Sorry… I was posting on my bird species count. Okay, in my garden I saw:

Blue tit, Great tit, Coal tit, Long-tailed tit
Chaffinch, Greenfinch, Goldfinch, Siskin
Blackbird, Robin, Dunnock, Wren
House sparrow, Starling, Collared Dove, Woodpigeon
Sparrowhawk, Jackdaw (Total 18)

Flying over the garden Herring gulls, Rooks and Pink footed geese were seen. We also saw one of the biggest flocks of Jackdaws I have ever seen (25-30) and one also made it into the garden staking out the peanut feeders! So the ‘from the garden’ count ended at 21.

I haven’t been out and about much over the Christmas period but one trip out saw a Buzzard on a tree over looking a busy road and large flocks of both Pink footed and Graylag geese were seen in fields with smaller flocks of pheasants in other fields more into the countryside. Not sure if we saw partridges too so won’t count them. So ‘out of the garden’ my brief trip took in 4 more species just by looking out the car window.

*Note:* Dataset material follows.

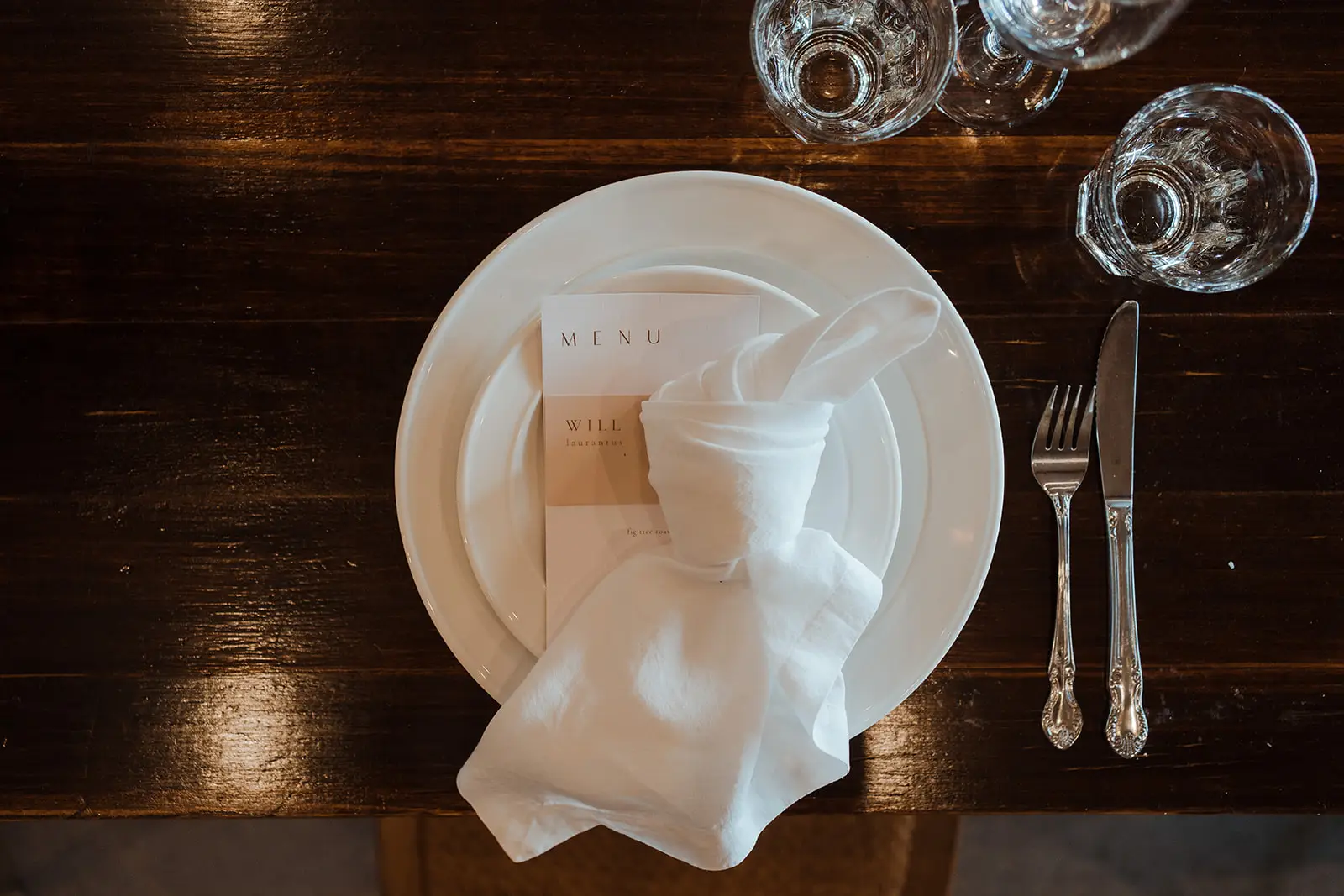 A place setting on dark timber — menu card, linen and cut glass, EarthHouse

Final tally for my contribution to the Quicksilver Christmas Challenge is 25. Now this number is a fraction of the 90 that Border counted but as he said in his posting it really is the taking part that counts! To see other results (or add your own) go to the link above. I am more than happy with my count as I really am in no way what you’d call a birder and I’ll be completely honest and say that pre-blog I probably could only have identified only half the birds in my count and probably missed seeing some completely. Now… that is a result!

P.S. Border has just left me a comment suggesting
that if anyone who visits/comments here wishes to send him a submission, from anywhere in the World, he’d be glad to add these to the report. The more the merrier! I know I have recently discovered some new bird and nature blogs perhaps they might like to join in too. You can leave a comment on this posting. I have to be honest and say I love to read the lists and see photos of birds from outside the UK too. Sorry… perhaps I should have extended this invitation to you all earlier. Oops.

The photos above were taken in my garden on January 2nd 2009.